Exercise goal »
Check each line of the data below for the word "dining", then extract the ones that have it.

(Collected data)
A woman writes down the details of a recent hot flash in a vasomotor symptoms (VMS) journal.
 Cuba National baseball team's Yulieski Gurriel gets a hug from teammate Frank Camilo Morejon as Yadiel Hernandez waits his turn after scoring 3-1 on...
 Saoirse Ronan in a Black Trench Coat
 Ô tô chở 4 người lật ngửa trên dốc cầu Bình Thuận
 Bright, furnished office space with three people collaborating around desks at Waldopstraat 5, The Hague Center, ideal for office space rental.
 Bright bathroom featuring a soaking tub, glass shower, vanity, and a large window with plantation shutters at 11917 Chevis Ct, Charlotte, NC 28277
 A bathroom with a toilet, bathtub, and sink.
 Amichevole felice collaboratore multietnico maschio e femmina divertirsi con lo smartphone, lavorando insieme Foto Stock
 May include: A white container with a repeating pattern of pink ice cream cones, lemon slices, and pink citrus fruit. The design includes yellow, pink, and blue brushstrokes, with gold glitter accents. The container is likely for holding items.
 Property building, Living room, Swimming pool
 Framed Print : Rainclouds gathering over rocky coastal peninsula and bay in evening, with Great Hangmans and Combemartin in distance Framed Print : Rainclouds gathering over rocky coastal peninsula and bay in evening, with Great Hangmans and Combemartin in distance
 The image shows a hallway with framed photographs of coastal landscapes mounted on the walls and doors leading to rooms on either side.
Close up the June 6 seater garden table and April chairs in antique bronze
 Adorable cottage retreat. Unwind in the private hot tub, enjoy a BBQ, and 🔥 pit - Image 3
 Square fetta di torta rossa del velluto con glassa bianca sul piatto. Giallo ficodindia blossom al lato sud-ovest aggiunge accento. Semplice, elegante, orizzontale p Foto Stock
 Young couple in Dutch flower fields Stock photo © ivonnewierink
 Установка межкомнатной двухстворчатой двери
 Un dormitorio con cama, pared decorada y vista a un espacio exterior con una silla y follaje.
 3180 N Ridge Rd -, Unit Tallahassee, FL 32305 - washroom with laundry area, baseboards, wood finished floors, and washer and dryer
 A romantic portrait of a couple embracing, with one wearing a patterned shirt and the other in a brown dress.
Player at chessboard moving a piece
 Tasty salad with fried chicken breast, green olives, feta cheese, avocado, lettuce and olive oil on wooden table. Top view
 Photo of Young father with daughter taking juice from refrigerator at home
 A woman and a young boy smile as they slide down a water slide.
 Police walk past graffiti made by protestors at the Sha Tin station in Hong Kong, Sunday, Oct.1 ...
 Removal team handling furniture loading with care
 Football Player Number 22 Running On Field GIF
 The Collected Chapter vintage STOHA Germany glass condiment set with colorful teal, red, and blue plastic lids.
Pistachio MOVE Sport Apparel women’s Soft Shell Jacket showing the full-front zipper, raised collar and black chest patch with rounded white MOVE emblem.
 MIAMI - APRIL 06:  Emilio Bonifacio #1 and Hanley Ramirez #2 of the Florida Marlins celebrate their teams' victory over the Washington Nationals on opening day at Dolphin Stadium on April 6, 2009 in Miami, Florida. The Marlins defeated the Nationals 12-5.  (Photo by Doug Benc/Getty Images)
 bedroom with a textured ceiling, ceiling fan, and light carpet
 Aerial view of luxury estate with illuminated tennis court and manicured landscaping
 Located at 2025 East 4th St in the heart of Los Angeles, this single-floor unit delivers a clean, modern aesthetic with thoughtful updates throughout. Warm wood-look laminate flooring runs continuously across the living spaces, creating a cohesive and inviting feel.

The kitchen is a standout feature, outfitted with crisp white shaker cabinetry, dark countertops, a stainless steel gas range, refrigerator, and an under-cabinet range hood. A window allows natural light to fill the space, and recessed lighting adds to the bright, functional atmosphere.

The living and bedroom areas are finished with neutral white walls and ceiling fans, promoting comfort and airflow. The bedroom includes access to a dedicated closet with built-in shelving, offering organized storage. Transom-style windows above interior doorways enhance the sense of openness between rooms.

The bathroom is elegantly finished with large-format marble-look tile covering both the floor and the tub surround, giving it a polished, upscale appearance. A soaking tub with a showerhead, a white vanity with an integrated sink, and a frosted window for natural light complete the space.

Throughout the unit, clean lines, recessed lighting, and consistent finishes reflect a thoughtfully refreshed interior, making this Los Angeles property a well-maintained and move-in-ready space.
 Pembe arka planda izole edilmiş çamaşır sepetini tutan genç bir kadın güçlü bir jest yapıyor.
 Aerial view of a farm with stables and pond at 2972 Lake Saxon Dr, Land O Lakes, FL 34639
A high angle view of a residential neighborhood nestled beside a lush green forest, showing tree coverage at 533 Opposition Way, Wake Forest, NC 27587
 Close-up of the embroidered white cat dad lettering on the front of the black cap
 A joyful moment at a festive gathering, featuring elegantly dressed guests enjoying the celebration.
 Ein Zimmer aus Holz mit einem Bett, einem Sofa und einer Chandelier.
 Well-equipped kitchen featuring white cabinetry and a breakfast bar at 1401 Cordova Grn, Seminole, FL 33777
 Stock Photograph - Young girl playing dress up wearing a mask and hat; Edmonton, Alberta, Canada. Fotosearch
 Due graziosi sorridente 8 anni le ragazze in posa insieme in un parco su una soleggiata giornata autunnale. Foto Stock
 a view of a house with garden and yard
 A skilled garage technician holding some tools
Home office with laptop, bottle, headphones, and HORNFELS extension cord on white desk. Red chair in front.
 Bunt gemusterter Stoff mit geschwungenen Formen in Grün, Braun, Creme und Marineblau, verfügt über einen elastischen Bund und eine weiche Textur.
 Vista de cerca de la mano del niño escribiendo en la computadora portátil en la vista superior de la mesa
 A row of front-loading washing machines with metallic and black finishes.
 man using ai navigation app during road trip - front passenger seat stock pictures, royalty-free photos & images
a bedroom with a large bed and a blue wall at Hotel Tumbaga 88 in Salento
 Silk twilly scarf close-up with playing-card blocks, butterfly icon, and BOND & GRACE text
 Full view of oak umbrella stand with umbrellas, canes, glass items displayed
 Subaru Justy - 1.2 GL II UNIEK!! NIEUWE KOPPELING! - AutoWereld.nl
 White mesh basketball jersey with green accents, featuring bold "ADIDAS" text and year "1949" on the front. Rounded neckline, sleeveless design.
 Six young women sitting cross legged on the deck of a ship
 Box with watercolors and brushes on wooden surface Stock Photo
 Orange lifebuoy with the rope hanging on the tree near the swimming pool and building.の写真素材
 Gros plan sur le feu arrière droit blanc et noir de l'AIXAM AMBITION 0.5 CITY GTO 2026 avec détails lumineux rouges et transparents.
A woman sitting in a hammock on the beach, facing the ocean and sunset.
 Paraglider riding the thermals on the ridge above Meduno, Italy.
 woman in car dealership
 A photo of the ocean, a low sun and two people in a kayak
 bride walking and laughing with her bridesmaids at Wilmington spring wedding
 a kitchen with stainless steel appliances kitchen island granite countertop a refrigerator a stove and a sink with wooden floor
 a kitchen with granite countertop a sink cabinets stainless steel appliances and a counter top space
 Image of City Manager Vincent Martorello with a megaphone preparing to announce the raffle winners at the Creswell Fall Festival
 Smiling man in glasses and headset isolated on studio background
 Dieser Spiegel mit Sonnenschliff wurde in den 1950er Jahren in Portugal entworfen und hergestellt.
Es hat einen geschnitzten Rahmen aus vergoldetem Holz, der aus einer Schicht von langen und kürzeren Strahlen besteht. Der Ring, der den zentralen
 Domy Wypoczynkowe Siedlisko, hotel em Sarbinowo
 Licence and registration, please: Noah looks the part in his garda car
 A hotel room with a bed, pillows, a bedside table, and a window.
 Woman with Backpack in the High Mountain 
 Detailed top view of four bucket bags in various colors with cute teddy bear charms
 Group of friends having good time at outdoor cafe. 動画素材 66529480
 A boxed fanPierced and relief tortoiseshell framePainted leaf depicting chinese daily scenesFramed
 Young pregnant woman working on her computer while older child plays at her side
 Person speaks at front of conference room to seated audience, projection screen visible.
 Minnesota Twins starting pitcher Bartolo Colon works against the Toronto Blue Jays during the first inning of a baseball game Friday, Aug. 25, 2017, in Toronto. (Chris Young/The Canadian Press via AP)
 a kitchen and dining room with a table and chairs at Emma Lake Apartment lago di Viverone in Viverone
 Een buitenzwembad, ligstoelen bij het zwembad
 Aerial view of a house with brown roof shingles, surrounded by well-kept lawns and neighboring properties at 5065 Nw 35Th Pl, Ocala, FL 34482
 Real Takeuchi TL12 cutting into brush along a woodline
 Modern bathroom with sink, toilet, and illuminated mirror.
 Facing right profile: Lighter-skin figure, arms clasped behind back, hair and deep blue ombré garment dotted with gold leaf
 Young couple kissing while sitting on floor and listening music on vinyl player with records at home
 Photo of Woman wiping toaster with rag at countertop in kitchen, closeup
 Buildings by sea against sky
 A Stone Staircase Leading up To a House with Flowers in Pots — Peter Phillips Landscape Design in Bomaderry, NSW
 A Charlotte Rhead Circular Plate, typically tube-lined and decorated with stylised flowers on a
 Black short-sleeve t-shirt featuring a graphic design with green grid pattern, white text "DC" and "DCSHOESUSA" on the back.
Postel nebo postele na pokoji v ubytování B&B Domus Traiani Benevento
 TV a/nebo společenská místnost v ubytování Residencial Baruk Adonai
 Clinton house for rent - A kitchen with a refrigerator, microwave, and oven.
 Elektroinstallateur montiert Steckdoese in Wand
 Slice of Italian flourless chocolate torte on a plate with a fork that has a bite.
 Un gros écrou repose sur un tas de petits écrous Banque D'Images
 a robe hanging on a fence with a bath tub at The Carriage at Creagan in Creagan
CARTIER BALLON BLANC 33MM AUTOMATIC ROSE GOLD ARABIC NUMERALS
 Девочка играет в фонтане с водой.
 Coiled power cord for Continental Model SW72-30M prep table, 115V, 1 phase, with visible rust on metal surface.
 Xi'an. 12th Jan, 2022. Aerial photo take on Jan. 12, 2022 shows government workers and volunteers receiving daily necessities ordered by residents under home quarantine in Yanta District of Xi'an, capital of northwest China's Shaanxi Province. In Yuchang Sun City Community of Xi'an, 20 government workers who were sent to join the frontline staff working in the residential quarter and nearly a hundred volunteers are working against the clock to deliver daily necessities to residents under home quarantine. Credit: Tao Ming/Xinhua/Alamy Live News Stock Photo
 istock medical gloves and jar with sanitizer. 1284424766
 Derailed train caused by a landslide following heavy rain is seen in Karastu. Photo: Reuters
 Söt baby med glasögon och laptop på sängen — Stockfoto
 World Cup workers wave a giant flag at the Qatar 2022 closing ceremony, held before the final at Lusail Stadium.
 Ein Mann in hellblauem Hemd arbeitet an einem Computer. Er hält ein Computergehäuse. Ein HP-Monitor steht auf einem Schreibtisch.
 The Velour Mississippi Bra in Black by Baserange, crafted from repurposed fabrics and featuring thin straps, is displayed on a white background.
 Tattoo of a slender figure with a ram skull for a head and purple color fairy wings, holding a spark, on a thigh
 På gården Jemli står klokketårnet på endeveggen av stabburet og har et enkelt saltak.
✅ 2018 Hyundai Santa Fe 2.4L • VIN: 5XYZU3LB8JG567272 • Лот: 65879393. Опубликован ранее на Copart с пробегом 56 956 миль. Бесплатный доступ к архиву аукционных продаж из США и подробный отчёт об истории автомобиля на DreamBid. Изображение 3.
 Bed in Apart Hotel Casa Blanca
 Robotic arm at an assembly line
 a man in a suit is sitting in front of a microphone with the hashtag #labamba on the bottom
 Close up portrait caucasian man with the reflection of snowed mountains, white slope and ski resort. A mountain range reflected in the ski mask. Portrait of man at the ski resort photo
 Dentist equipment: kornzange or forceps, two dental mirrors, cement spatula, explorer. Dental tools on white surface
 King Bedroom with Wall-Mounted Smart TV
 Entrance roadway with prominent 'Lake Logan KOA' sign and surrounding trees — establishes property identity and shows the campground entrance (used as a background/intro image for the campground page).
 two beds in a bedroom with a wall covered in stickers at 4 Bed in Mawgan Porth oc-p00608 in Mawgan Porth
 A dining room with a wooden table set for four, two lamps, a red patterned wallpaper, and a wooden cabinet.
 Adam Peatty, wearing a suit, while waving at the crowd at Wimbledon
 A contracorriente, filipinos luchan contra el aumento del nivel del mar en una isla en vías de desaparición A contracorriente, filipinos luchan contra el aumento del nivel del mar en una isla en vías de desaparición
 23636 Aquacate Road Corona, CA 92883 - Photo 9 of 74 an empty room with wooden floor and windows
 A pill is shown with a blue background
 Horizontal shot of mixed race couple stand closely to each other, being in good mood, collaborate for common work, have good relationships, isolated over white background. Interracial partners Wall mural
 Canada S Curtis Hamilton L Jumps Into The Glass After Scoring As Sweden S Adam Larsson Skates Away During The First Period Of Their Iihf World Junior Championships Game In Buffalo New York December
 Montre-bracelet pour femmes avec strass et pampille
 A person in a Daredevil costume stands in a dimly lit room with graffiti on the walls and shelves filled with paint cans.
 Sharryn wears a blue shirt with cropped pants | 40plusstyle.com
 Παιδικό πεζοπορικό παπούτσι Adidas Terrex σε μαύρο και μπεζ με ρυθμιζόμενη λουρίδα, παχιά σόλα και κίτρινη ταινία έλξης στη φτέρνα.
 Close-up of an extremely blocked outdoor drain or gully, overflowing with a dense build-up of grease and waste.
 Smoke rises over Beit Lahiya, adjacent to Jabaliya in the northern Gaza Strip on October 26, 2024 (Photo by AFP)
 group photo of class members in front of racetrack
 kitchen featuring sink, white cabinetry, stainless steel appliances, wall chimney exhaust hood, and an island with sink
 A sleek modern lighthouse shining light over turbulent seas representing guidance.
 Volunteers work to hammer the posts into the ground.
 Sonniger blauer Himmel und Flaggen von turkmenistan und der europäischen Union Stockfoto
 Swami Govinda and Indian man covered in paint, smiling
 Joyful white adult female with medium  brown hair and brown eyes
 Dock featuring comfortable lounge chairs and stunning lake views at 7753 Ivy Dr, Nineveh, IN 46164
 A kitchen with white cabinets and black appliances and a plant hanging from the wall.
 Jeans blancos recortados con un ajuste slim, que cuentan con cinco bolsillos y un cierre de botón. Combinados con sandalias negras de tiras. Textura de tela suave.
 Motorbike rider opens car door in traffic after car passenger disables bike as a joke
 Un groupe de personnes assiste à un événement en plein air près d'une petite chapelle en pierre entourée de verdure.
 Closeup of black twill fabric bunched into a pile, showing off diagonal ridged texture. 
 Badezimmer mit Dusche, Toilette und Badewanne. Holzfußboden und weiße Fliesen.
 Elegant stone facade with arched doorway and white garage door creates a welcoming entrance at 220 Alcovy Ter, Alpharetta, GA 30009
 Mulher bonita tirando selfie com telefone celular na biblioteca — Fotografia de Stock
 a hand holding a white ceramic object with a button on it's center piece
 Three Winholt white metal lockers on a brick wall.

Worked solution »
 a kitchen and dining room with a table and chairs at Emma Lake Apartment lago di Viverone in Viverone
 A dining room with a wooden table set for four, two lamps, a red patterned wallpaper, and a wooden cabinet.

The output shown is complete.